Eskom chairman Jabu Mabuza. Picture: FINANCIAL MAIL
Eskom chairman Jabu Mabuza. Picture: FINANCIAL MAIL

The problems at Eskom had run for too long and were too big and too deep for any hope of a quick fix, newly appointed chairman Jabu Mabuza told business leaders at a conference on the future of SA hosted by Bloomberg in Cape Town on Wednesday.

But he went on to say: "Come July, when we hit the market, we will at least have the right story to tell them and we will be able to show them evidence."

Mabuza, who said he was looking forward to the future under President Cyril Ramaphosa, has spent the first few weeks sorting out governance issues at the power utility and is continuing with disciplinary matters.

"We are very encouraged that what Cyril Ramaphosa told us to do at Eskom, he is doing in his own Cabinet," Mabuza said in reference to the removal of problematic executives at the national electricity supplier.

He acknowledged the need for job creation and skills development but said those who were employed must do their jobs properly. "In South Africa, it costs us twice as many people to produce half as much electricity as comparable electricity facilities. Eskom has 47,000 employees; people say we should only have 16,000."

Mabuza said when considering the issue of employment, business, labour and government needed to work together.

"We have to ask what is right for SA today. What are the margins we’re prepared to forego, what are the wages acceptable to take people off the street?"

Anglo American CEO Mark Cutifani said the South African mining industry should be twice the size it is today but had lost out because of what happened during the past five years.

"We can turn it around, with policy certainty and working together," said Cutifani, who believes the country is ideally placed to create a global industry from its mineral resources.

He said the Mineral and Petroleum Resources Development Act and the Mining Charter could be part of a partnership framework that deals with the promotion of the country’s platinum industry.

Cutifani said from the mining industry’s point of view, SA’s future had just got a lot brighter.

He said mining industry leaders had met with the new minister, Gwede Mantashe.

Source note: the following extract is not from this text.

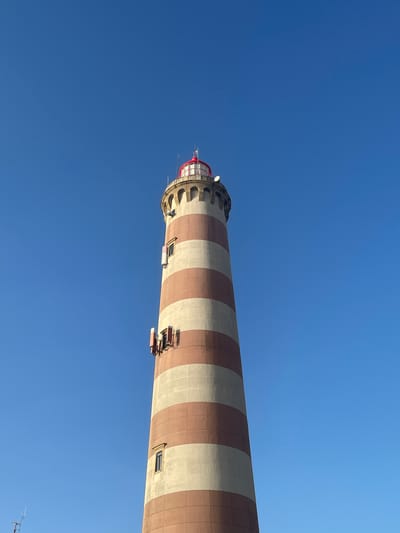 The image depicts the Barra Lighthouse in Gafanha da Nazaré, Portugal, under a clear, vibrant blue sky. The lighthouse is a tall, cylindrical structure with alternating horizontal bands of light beige and reddish-brown. It has a red-capped lantern room at the very top, surrounded by arched windows and a railing. Several small rectangular windows are visible along the body of the lighthouse, and on one side, there are multiple antenna-like structures attached to the exterior. The perspective is looking up at the lighthouse from a low angle, emphasizing its height against the vast expanse of the sky. There are no people or animals visible in the frame. The environment appears to be an open area, typical of a coastal location where a lighthouse would be situated.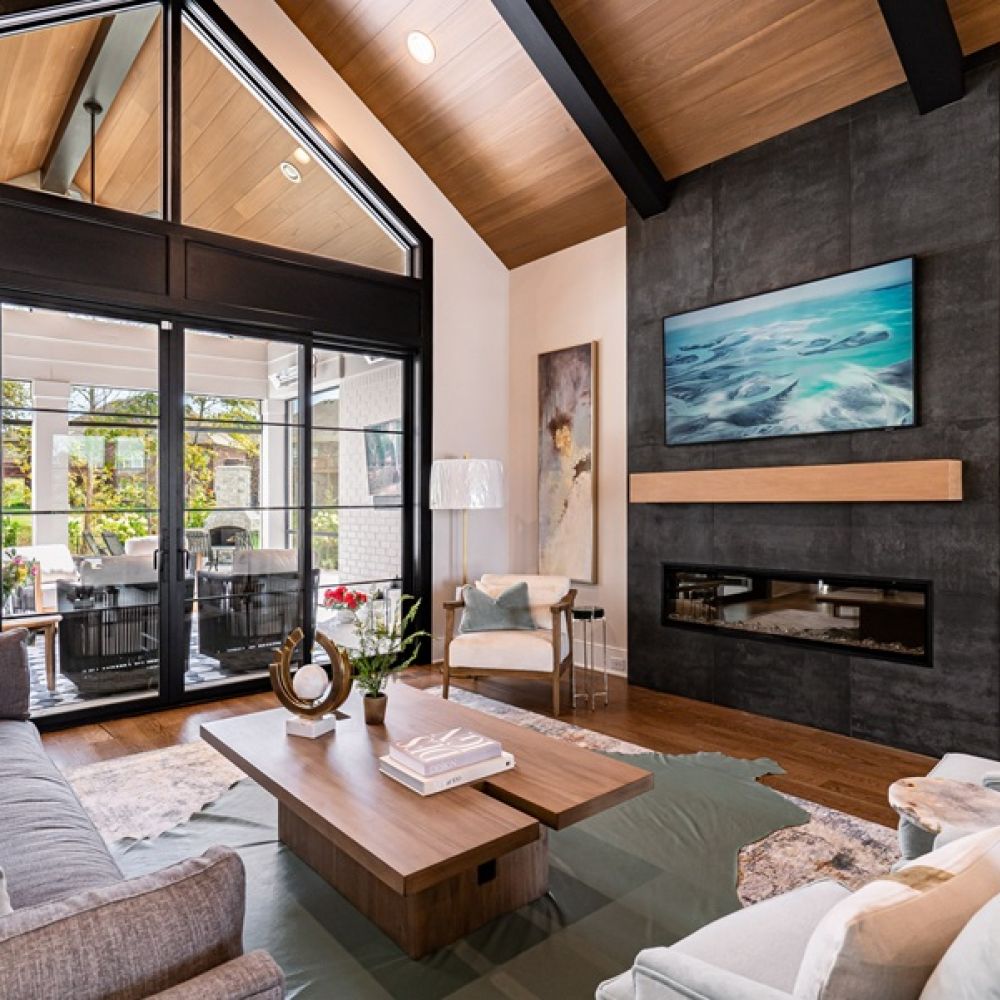 <span class="uk-h4">Modern living room with a wall-mounted TV over a black fireplace, vaulted wood ceilings, and large glass patio doors.</span>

"It was a great meeting, a meeting we’ve been looking for, for probably two to three years," he said.

Cutifani said Anglo had been doing a lot of work with the communities in which it operates. He said the company could not employ everyone, "but we can contribute to developing infrastructure and investing in skills to make a difference to those communities".

Public Enterprises Minister Pravin Gordhan told the conference the challenge with state-owned enterprises (SOEs) was "how to get them to play their economic and developmental role and make them more effective and efficient".

SOEs had to have credibility and integrity so there were not continuous questions asked about how procurement was done and deals made.